Les auteurs du livre sur la résistance à Hambourg Streiflichter aus dem Hamburger Widerstand, 1933-1945 décrivent très précisément le réseau mais ne font à aucun moment référence à Richard Krebs24, alias Jan Valtin. Ils n’ont pas eu accès aux actes de la Gestapo conservées à Berlin (le livre a été publié en 1969 à Hambourg) et leurs sources certainement orales ont “oublié” un acteur devenu espion et “provocateur” (l’auteur Jan Valtin est devenu un agent de la Gestapo à la suite de la découverte de ce réseau de résistance25).
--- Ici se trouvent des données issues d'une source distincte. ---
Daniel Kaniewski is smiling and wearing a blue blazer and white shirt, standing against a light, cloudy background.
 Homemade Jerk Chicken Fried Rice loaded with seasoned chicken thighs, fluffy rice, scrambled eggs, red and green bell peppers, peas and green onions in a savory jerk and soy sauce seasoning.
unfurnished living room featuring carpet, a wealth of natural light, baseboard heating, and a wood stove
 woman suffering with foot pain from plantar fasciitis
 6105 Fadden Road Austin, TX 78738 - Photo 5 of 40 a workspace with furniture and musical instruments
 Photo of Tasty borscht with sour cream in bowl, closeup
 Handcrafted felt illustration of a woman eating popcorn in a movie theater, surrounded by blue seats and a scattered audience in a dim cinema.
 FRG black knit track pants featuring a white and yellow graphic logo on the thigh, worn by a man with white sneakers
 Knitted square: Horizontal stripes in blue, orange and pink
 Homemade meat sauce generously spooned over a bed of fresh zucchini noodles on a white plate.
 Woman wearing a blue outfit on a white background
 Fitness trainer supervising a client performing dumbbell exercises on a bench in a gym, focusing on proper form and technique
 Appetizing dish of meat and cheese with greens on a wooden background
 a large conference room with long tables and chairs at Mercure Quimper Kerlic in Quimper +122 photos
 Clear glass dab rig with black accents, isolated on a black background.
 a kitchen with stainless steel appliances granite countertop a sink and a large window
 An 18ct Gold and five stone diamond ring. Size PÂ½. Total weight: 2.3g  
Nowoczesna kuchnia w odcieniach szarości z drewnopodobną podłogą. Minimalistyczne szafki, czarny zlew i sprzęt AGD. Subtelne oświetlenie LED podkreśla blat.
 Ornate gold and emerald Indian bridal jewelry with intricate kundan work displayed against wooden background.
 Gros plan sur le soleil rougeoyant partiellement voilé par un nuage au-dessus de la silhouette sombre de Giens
Par contre dans les archives d’Anton Saefkow conservées à Berlin, le livre de Jan Valtin est clairement nommé et utilisé26 : on trouve une note rédigée par Erich Markowitsch, un des membres du réseau de résistance à Fuhlsbüttel, qui affirme :
« En ce qui concerne l’emprisonnement, voir Sans patrie, ni frontières. La contrebande de tabac est véridique. Pour le reste, à vérifier. Il y avait eu un plan d’installer un poste clandestin de radio dans la prison, mais cela échoue à l’époque. Comment la Gestapo a eu vent des cours et du travail de solidarité n’est pas encore clair. T. veut encore le trouver. [Il s’agit peut-être de Paul Tastesen27 qui part à Dachau avec Saefkow après la découverte du réseau]. » 28
Dès lors, il est intéressant de confronter les archives de la Gestapo au récit de Jan Valtin.
La résistance dans le camp de Fuhlsbüttel est décrite par Valtin aux pages 710 à 731 de son autobiographie romancée. Les activités principales de cette résistance29 sont connues de la Gestapo Le Secours Rouge (ou Rote Hilfe) s’est organisé sous la forme de distribution de tabac à des prisonniers mis à l’isolement et qui n’ont donc pas la possibilité de s’en procurer. Chacun des membres du réseau doit donner une partie de son tabac (un centimètre de tabac à chiquer). Selon la Gestapo, ce trafic n’a pas de compensation financière et a pour seul objectif de maintenir le moral des prisonniers isolés afin d’organiser une révolte. En fait, ce réseau de solidarité communiste avait pour but de maintenir l’unité politique mais sans objectif révolutionnaire à court terme. Ainsi, les discussions politiques, autre activité de résistance, ne visent pas spécialement à embrigader les prisonniers non politisés. Ces derniers sont simplement curieux de connaître les événements politiques dont les prisonniers prennent connaissance par les journaux des gardiens ou par celui de l’établissement concentrationnaire, le «Leuchturm »300. Enfin des feux à la mémoire des communistes exécutés sont allumés par les prisonniers31.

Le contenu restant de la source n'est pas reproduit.